Trotz dieser Unausweichlichkeit gibt es erst jetzt die ersten Aktivitäten in Richtung Anpassung. Die Bundesregierung will das Thema zu einem Schwerpunkt ihrer EU-Ratspräsidentschaft im ersten Halbjahr 2007 machen. Und im für Anfang 2007 angekündigten Vierten Sachstandsbericht des Internationalen Gremiums für Klimawandel (IPCC) wird das Thema Anpassung erstmalig einen großen Teil einnehmen, wie Axel Michaelowa, Leitautor für das Politikkapitel des IPCC-Berichts, ankündigt.

Am weitesten mit konkreten Maßnahmen sind die Wasserbauer. In Bayern etwa werden alle neuen Hochwasserschutzwerke bereits pauschal 15 Prozent über die konventionelle Planung dimensioniert. Für Baden-Württemberg gibt es eine Tabelle, in der für fünf Regionen im Ländle ein Klimaänderungsfaktor zwischen 1 und 1,75 festgelegt ist, um den die jeweilige Hochwasserschutzanlage größer geplant werden soll.

Auch die Energieversorger leiden unter mehr Wärme. Die Flüsse, die zur Kühlung von Kraftwerken benutzt werden, dürfen eine bestimmte Temperatur aus ökologischen Gründen nicht überschreiten. Im den vergangenen Sommern mussten deshalb regelmäßig Kraftwerke vom Netz genommen werden. Auch die Art der Strom-Nachfrage wird sich ändern. Durch Klimaanlagen wird sich der Strombedarf gerade in den heißen Mittagsstunden erhöhen. Das führe dazu, dass „Regelenergie sehr viel teurer wird“, wie Benno Rothstein vom European Institute for Energy Research der Uni Karlsruhe erwartet. Er schlägt als Anpassungsmaßnahmen variable, an der Nachfrage orientierte Tarife sowie einen breit gefächerten Kraftwerkspark vor.
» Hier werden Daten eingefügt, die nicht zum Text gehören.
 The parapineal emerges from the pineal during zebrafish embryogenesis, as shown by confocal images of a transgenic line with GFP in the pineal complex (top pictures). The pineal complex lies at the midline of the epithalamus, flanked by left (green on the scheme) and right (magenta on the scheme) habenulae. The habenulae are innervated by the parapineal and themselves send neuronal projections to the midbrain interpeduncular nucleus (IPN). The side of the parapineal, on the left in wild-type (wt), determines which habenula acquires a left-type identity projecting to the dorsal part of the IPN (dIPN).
Die Landwirtschaft muss sich auf häufigere Trockenperioden einstellen. Zwar gibt es bereits reichlich hitze- und trockenheitsresistentes Saatgut, doch das liefert einen geringeren Ertrag. „Vor zehn Jahren hat man noch mit dem Kopf geschüttelt und gesagt, wir brauchen nichts Neues zu züchten, es ist alles schon da. Jetzt sind die Pflanzenzüchter auf den Klima-Zug aufgesprungen. Wenn es einem Züchter gelingt, Robustheit und Ertrag miteinander zu vereinen, steht das in zehn Jahren auf jedem Acker“, sagt Professor Hans-Joachim Weigel, Präsident der Bundesforschungsanstalt für Landwirtschaft in Braunschweig.
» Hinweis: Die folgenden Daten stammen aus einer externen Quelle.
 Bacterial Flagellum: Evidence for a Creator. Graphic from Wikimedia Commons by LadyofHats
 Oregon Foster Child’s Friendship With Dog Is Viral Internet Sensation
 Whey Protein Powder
Während Landwirte noch in der vergleichsweise komfortablen Situation sind, jedes Jahr aufs neue entscheiden zu können, was sie pflanzen, ist der Klimawandel für die Forstwirtschaft ein Problem, das hier und jetzt angegangen werden muss. Besonders betroffen sind die Fichten. Auch hier hat Bayern bereits reagiert: Im Rahmen des 40 Millionen-Euro-Programms „Klimawandel im Staatswald“ baut der Freistaat derzeit die staatlichen Nadelgehölze zu Mischwäldern um.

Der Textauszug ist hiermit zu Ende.